The biggest feature to be implemented in our health portal - Messaging. Mochi patients, providers and staff all communicating and interacting with one another digitally. This was without a doubt the most difficult and complex feature our team had to build, but the end results were nothing short of successful. I was tasked on being the UX/UI and product designer for this feature, leading my team both visually and structurally.

Web UI

Our messaging feature was built with Web scaling first in mind, as our three portals weren't built for mobile at the time. The UI for this was meant to still adapt our Mochi branding guide, as well as emit an interface that was both professional and straightforward.

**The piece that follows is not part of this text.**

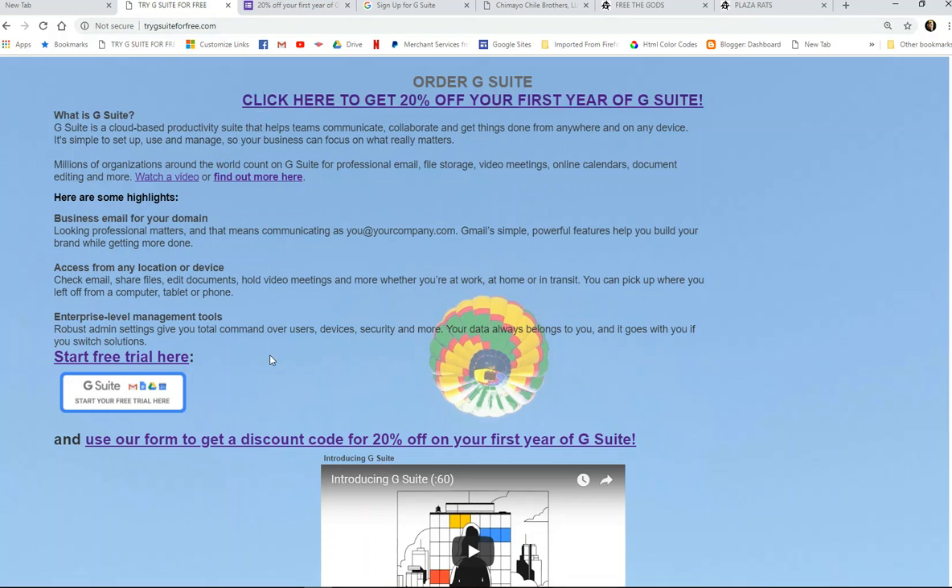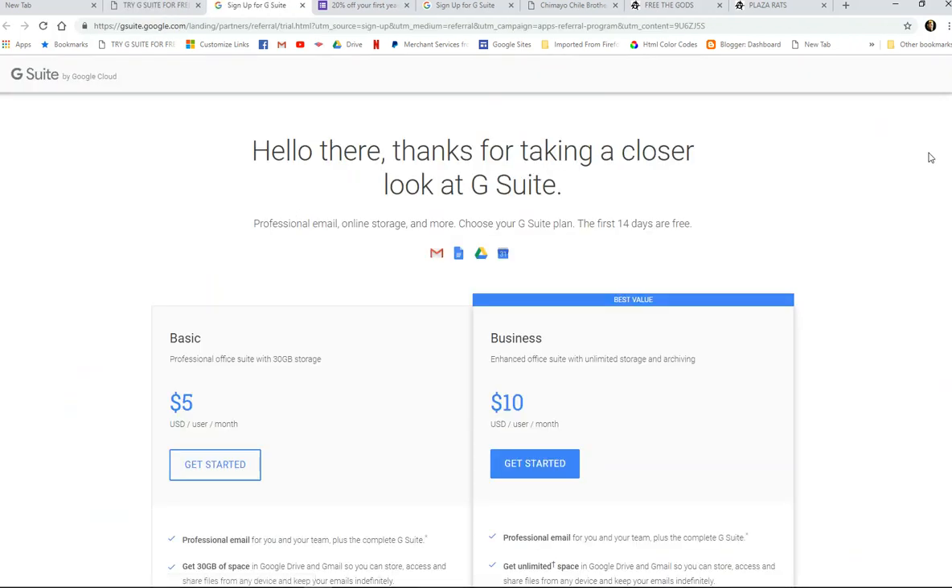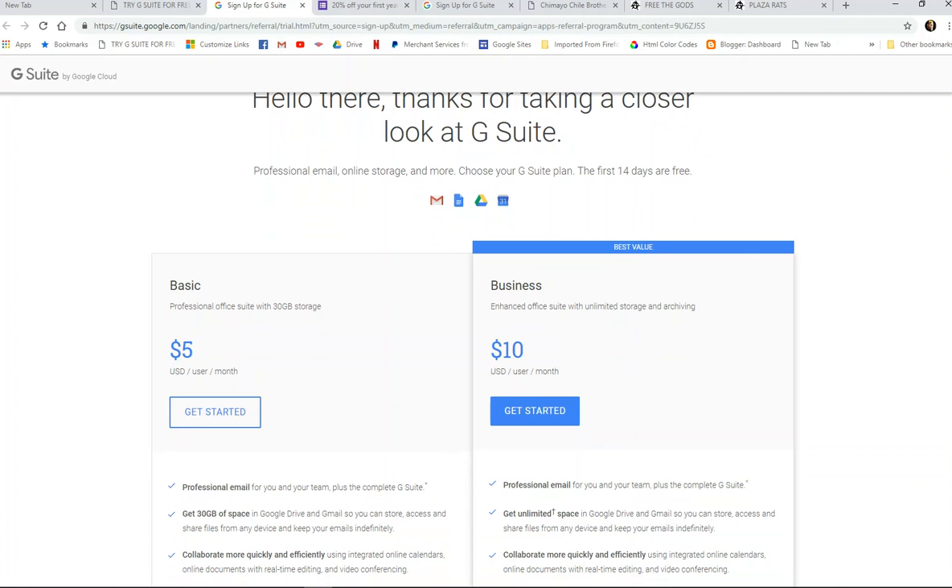Once you get to this website, there are a couple of links here. You can just click where it says start free trial, and that takes you to this page here where you can sign up for either G Suite Basic or G Suite Business.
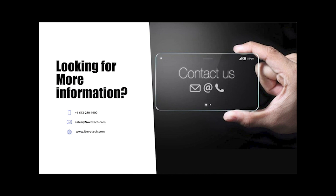Many thanks for taking time to watch this video. If you're interested in more information, click on one of the links below.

The purpose of this feature is to avoid all clutter and have patients be able to talk to customer support/their doctors through traditional online chat. Doctors and admins can transfer patients to other doctors from there, transfer them back to customer support, or end the chat.

Patient Portal

The patient portal is the portal that all Mochi patients will have access to. You are able to message customer service, and then from there be assigned to your current provider. This feature was designed to be as straightforward as possible, having a solid blue button standout to create a new message, and provide notification icons whenever you receive a new message.

Admin Portal

The admin portal (customer support) will have the heaviest load in feature capabilities from the three. All patient customer service messages, or "cases" will be filtered through an inbox tab, and from there admins can select cases they want to take. Those cases are then taken into their inbox and will act from there as a traditional chat box. Admins also have the ability to transfer their case to a doctor, and hand over the chat that way. Designing this feature took a lot of user flow charting and mind-mapping with my team to decide the most orderly way to create an inbox and messaging system for our admins.

Provider Portal

The provider portal was the simplest of the three. They didn't have to open a case like patients would to speak to staff, instead they could message admins/patients directly just by searching up their name. Providers could also transfer patients back to an admin if needed. Just like the two other portals, the UI for this portal was designed to be straightforward and orderly, as dealing with patients concerns and medical information need nothing other than clear, concise communication.

UI Elements

Below are some UI pop-ups I designed to be used regularly in the Mochi messaging interface

Mobile UI

Mobile app for messaging. Also for doctors, patients and admins. Having this app further solidifies the idea of having easy and open communication with docotors, patients and staff.

The design language I wanted to use when designing this app was to still stay true to the desktop interface, while adding new ways to make messaging stand as on it's own as a mobile app. An illustration on the login screen to further push the design identity of connectedness with you and your doctor, as well as a new logo for the app icon.

App Icon

App icon design - Staying true to Mochi's logo by using the M in the name and adding a message bubble next to it, making it stand on it's own in identity as a "Mochi Messaging" app. I didn't want to recreate an entirely new logo, losing the Mochi brand entirely, and I also didn't want to just use the Mochi logo, having it imply that the app was the portal app instead of just messaging, so this design addresses those two concerns.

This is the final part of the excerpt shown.